Garnet has a special interest in the Middle East, publishing across a wide variety of genres including art, fiction, cookery and history. After a period of restructuring, m.d. Nadia Khayat wanted to try something new. Periscope was created by sales and marketing manager Tim Moore and publisher and commissioning editor Mitch Albert to focus on new fiction and non-fiction outside of the Middle East region.
The aim was to create an imprint that was separate and distinct, with a broader remit but a smaller list. Albert said: “We’re very optimistic about the climate for small publishers—it’s no longer about quantity. With a much smaller list we can believe in all the titles.
Going forward we’d like to have roughly half and half (fiction and non-fiction) but we’re really just looking for interesting stories.”
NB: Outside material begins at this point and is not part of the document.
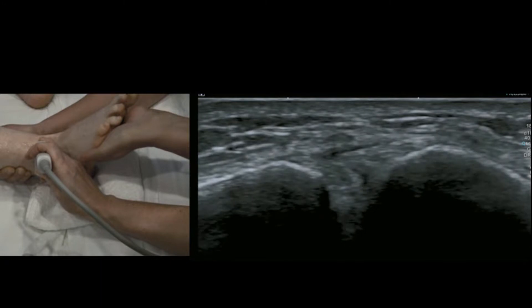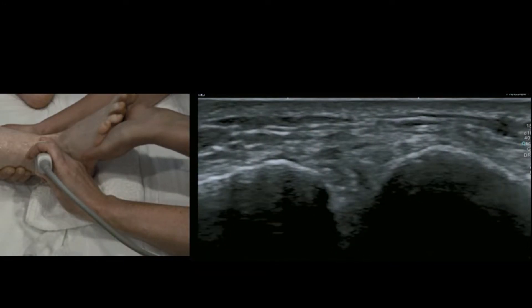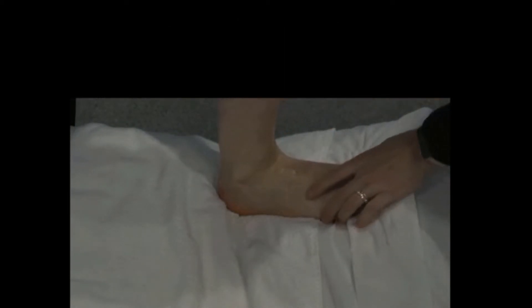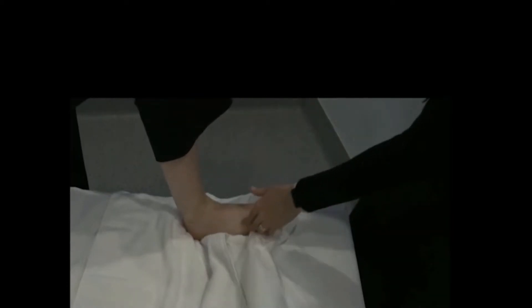So we're simulating weight bearing. It's a luxury if you have an assistant or a physio to do this for you. If you don't, you can do it without an assistant. If you're a ballet dancer, you can go into demi-plié position and get them to go from squat to stand. Or you can put a roll under the forefoot to dorsiflex, or tilt the floor of your bed up, or rotate the foot out and ask them to weight bear on and off the foot.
Princess Bari was discovered at this year’s London Book Fair as part of the fair’s Korean market focus. The book, translated by Sora Kim-Russell, tells the story of the seventh daughter of a North Korean family, who is abandoned by her parents before being rescued by her grandmother. The story is interwoven with the Korean myth of Princess Bari and mixes contemporary London and an ancient Korean fable.
Princess Bari is the first of eight fiction titles, including three in translation, that Periscope will publish in 2015. Albert said: “You’ve got to fall in love with a book but, just like with people, you can’t fall in love with every book. We’re looking for the underdogs. There’s a surfeit of great writing and books you can’t believe slipped through the net that weren’t picked up.”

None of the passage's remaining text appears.